1973: Seabees of NMCB 71 complete construction of a geodesic dome at the new Amundsen-Scott South Pole Station. Over the next few decades, the dome becomes the iconic image of the South Pole station.


January 9

1969: Seabee Team 0914 completed training at the 31st NCR and deployed to Camp Kinser, Okinawa, on a C-118 aircraft from Naval Air Station (NAS) Point Mugu, California.
 

January 10

1942: The first man received at Quonset Point, Rhode Island for the newly formed construction force was Shipfitter 1st Class Robert Thomas Adams, USNR, from Newport, Rhode Island. He arrived on January 10, 1942. Adams was not the first man enlisted, but because of the alphabetical sequence of his name, he appears in the original construction battalion books as the first Seabee.

1943: 68th NCB commissioned at Camp Bradford, Norfolk, Virginia.

1946: 37th Special NCB inactivated at Oahu, Hawaii.

1967: Seabee Team 0510 deployed to the Republic of Vietnam (RVN).


January 11

1959: The men of Mobile Construction Battalion (MCB) 10 boarded the USNS Daniel Sultan at Guam, Mariana Islands for transfer to their homeport at the Naval Construction Battalion Center (NCBC), Port Hueneme, California. MCB 10 was established on Guam in 1952. This establishment was actually a re-designation of the last active World War II Naval Construction Force unit, the 104th Naval Construction Battalion, under its new mission concept as a mobile land-based construction battalion.
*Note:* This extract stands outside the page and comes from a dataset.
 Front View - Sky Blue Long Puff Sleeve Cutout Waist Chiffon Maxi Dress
Until its recent disestablishment in July 1976, MCB 10 was the only construction battalion in continuous operation since World War II.

1967: Five NMCB 8 personnel were wounded in an enemy mining incident approximately 12 miles south of Chu Lai, RVN on a road leading from Route 1 to the 2/7 Marines Echo Company area. The vehicle involved was well sand-bagged and as a result, the personnel injuries were relatively slight. The two men in the cab of the vehicle were air evacuated to the First Medical Battalion.
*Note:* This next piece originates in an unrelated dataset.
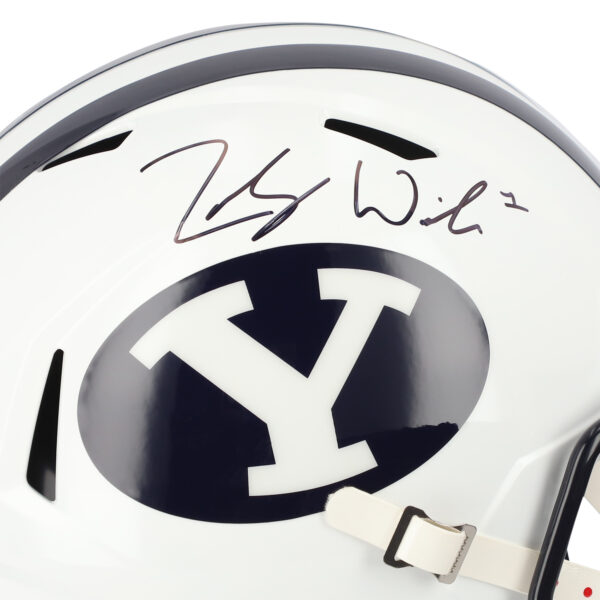 Zach Wilson BYU Cougars Autographed Riddell White Speed Replica Helmet - Image 5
1968: NMCB 7 s Detail Alpha Nine returned from Khe Sanh, RVN to Camp Adenir after being relieved by NMCB 53 personnel; Seabee Team 0602 arrived in Saigon, RVN. The team moved by convoy to Phuoc Tuy Province, RVN on January 22, 1968.
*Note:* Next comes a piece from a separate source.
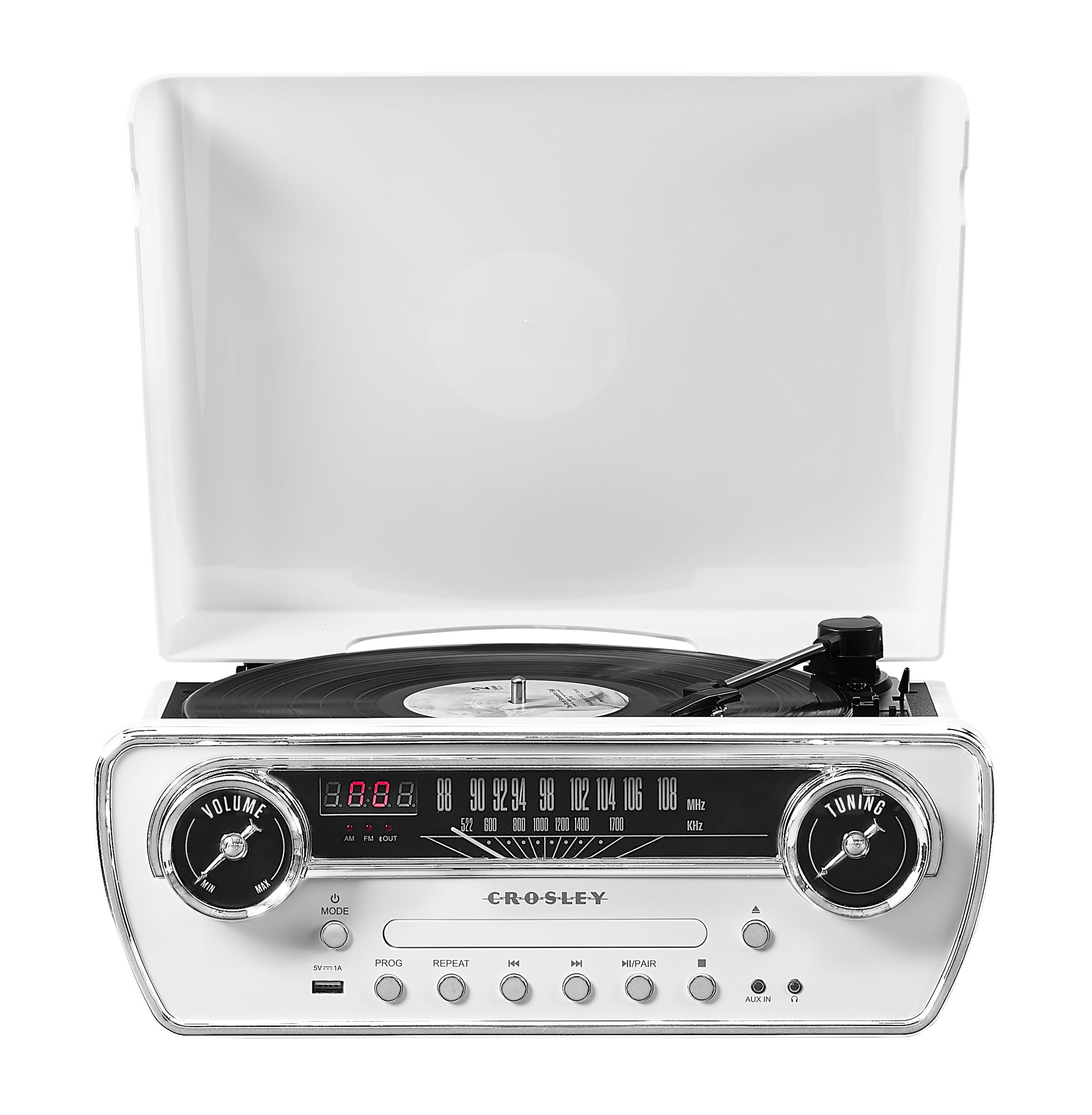 Crosley CR6047A-WH Powel 7-in-1 Bluetooth in/Out Vinyl Record Player with AM/FM Radio, CD Player, and Aux-in, White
1971: NMCB 4 main body departed Okinawa for the continental U.S. (CONUS).

2005: NMCB 40 Seabees arrived in Sri Lanka in response to the December 26, 2004 tsunami that devastated Southeast Asia. Other Seabees from NMCB 7, 30th NCR, and Underwater Construction Team (UCT) 2 arrived within days to Sri Lanka and Thailand to provide disaster relief and survey port facilities.

January 12

1967: Seabee Team 0807 deployed from Port Hueneme, California to Diem Khanh, RVN.

1968: Steelworker (Fabricator) 3rd Class J.R. Couch, USN, drowned while swimming near Red Beach, Da Nang Bay, RVN. His body was recovered on January 16 by a U.S. Marine Combined Action Platoon near Nam O Point.

1972: Seabee Team 6206 returned to the Construction Battalion Center (CBC), at Gulfport, Mississippi.


January 13

1968: Equipment Operator (Construction Equipment) 3rd Class Daniel E. Houle, and Equipment Operator (Hauling) 3rd Class Rodney L. Taylor, were wounded by shrapnel from a booby-trapped sand bag while working on Route No. 1, RVN.

1972: Seabee Team 4006 returned from Vietnam deployment.


January 14

1943: 2nd Special NCB commissioned at Naval Construction Training Center (NCTC) Camp Peary, Magruder, Virginia.

1944: The world premiere of The Fighting Seabees was held simultaneously at seven Seabee camps across the country.

13710

1968: Equipment Operator (Construction Equipment) Constructionman H.G. Hodges was killed, and Equipment Operator 3rd Class J.G. Stotko, was wounded, by an enemy grenade detonation while they were manning a defensive position at the Project Beaver helicopter repair facility project at Red Beach, Da Nang, Vietnam. Stotko was flown by medevac to the 1st Marine Medical Battalion where he was listed in good condition. Preliminary investigations indicated that Hodges shielded the force of the blast from Stotko while attempting to hurl the enemy grenade from the bunker. Subsequently, the Silver Star Medal with combat V was posthumously awarded to Hodges for his heroic action. These men were part of a 16-man security detail from NMCB 9 charged with manning the perimeter of the project site from December 25, 1967 to January 14, 1968.

1969: Seabee Team 0513 departed for Ben Tre, RVN.